Industry trends suggest Seattle’s influence will keep growing. More people are bypassing bookstores and buying at mass-market merchants, online retailers and specialty stores, says Albert N. Greco, a marketing professor at Fordham University’s Graduate School of Business Administration.

In the last two years alone, sales of consumer books sold through such nontraditional outlets grew by more than $260 million, Professor Greco said. The presence of Costco, Amazon and Starbucks ensures that “Seattle will keep making an impact on what we read,” he said.

When Kim Ricketts, founder of a book promotion company in Seattle, visited the big publishing houses in New York last month, she said she was repeatedly asked for advice on how to do business with the three Seattle heavyweights: “Publishers want to find the golden ticket — how to get their title beloved by one of these companies.”

Seattle’s literary seeds have been here for decades, with local authors, abundant writing courses and robust independent bookstores, according to J. A. Jance, the Seattle mystery author whose books have sold 15 million copies over the last 20 years. “Maybe it’s the rain, but Seattle has always been a reading town,” she said.

Over the last 10 years, the city has spent nearly $200 million to improve its libraries, including the new downtown showpiece designed by Rem Koolhaas and completed in 2004.

This love of books even seeps into the town’s corporate cultures, says Ms.

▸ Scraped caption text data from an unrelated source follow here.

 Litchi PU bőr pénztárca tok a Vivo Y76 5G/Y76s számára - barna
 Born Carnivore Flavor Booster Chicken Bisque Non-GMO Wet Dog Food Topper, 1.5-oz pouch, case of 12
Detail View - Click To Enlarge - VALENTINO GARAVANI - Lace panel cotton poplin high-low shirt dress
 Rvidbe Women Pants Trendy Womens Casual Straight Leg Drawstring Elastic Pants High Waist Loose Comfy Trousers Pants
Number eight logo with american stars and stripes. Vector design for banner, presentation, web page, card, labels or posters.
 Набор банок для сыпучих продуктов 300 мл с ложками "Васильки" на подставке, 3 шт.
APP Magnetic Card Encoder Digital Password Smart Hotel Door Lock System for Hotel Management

Ricketts, who 10 years ago started organizing author visits for employees at Microsoft, Starbucks and other companies in the area. “The authors were always shocked at how big the crowds were and how many books they sold,“ Ms. Ricketts remembers.

The town’s enthusiasm for books may have made it easy to find well-qualified employees, but Amazon, Starbucks and Costco each occupy a different niche in the book world.

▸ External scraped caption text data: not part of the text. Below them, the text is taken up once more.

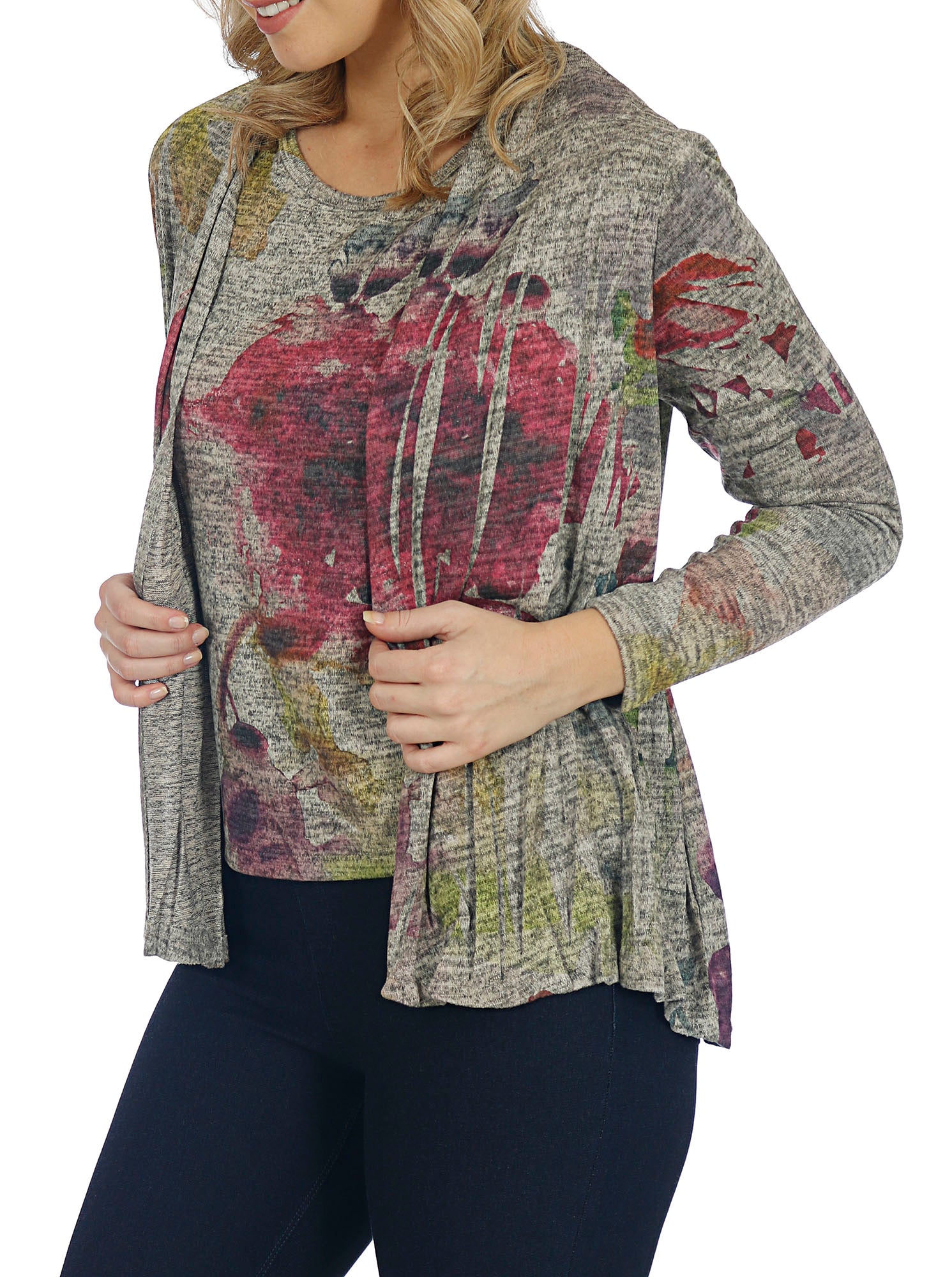 Impulse California Women's Floral Cardigan and Tank Top Set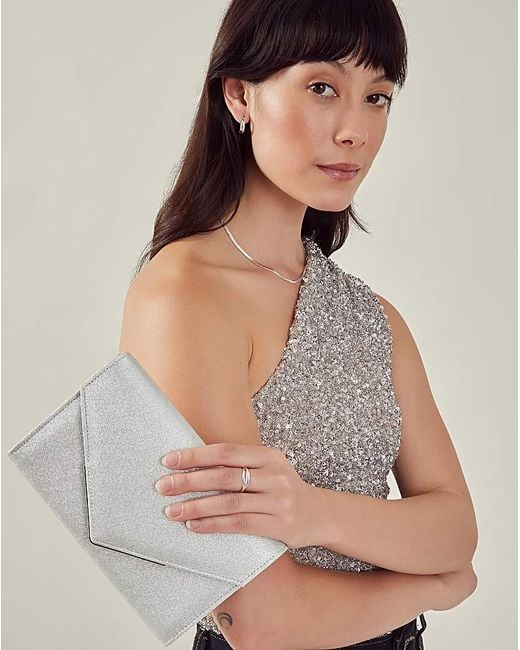 Accessorize Gray Metallic Envelope Clutch Bag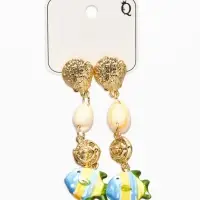 Серьги "Морской мир" рыбы с ракушками, цвет бело-зеленый в золоте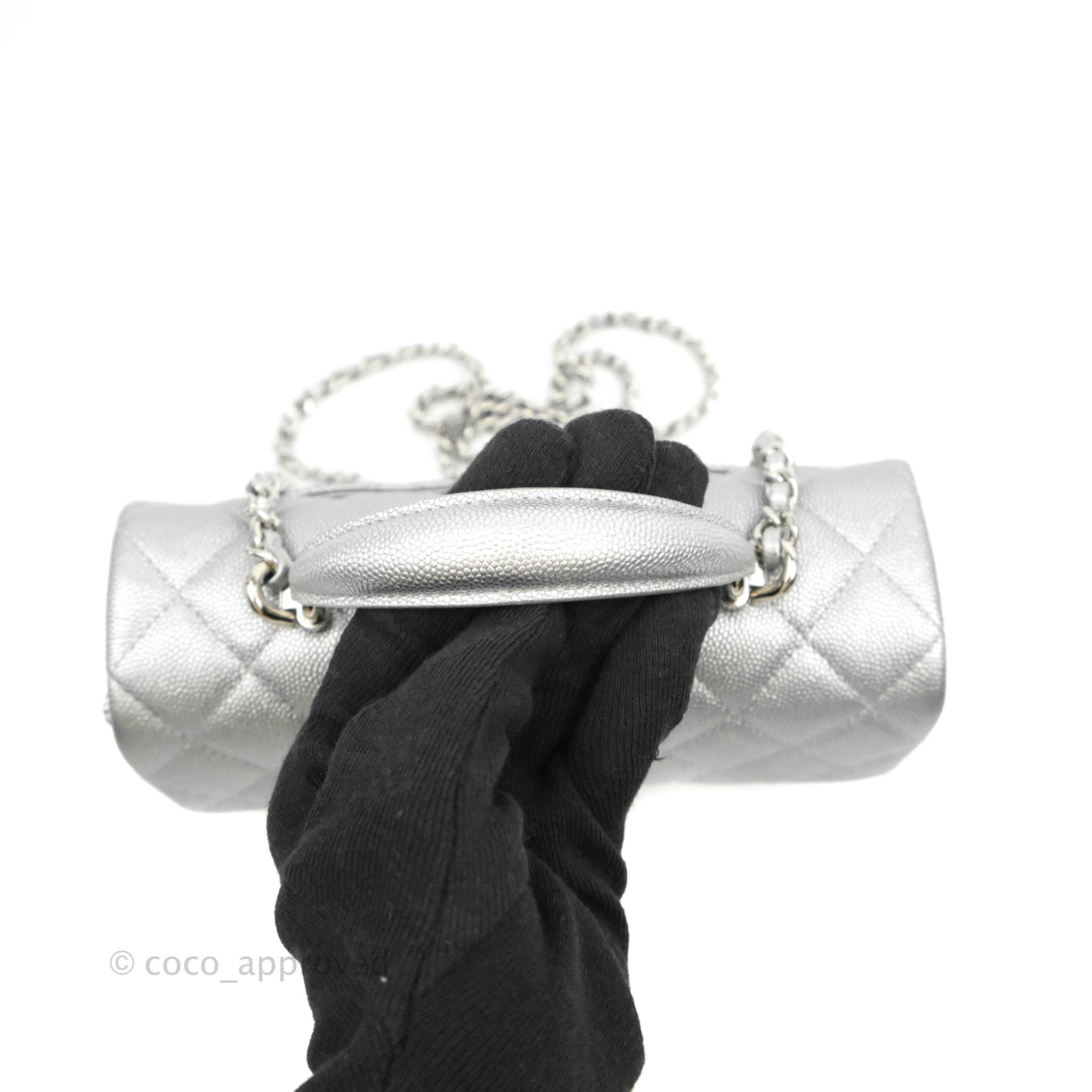 CHANEL - Mini Flap Bag with Top Handle Metallic Grained Calfskin & Silver-Tone  Metal, Silver - AS2431…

Starbucks started offering books to enhance the coffee-house experience, thinking that customers would enjoy spending more time in the shop if they had a provocative read and conversation starter to go along with their coffees and scones. They also hoped it would increase spending by each customer.

Starbucks sells just one title at a time, usually for a period of two to three months. The selections bear little resemblance to one another. Some have been almost unknown; others were already best sellers. The latest title, “Beautiful Boy,” focuses on a father trying to help his drug-addicted son.

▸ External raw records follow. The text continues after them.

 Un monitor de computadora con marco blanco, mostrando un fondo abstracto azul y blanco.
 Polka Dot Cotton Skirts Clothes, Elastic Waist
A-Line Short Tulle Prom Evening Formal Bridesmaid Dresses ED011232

“We wanted to find extraordinary books that would encourage people to discuss compelling issues” like war, hope, faith and family, said Ken Lombard, president of Starbucks Entertainment…

Costco has become so successful at selling books that it has become a hot spot on the author book promotion circuit. Vicente Fox, the former president of Mexico, and Bill Clinton have signed books in Costco warehouses.

The flip side of the success of the big Seattle booksellers is the gradual decrease in the number of small independent stores, which have struggled as a result of a variety of factors…

Book lovers as well as writers miss the corner bookstore. But Americans are busy, and if they can pick up the latest book while they’re stocking their pantry, sitting at their computer or going out for coffee, it saves them valuable time, said Brian Jud, author of “Beyond the Bookstore: How to Sell More Books Profitably to Non-Bookstore Markets.”

They just may not realize that someone in Seattle helped them choose it.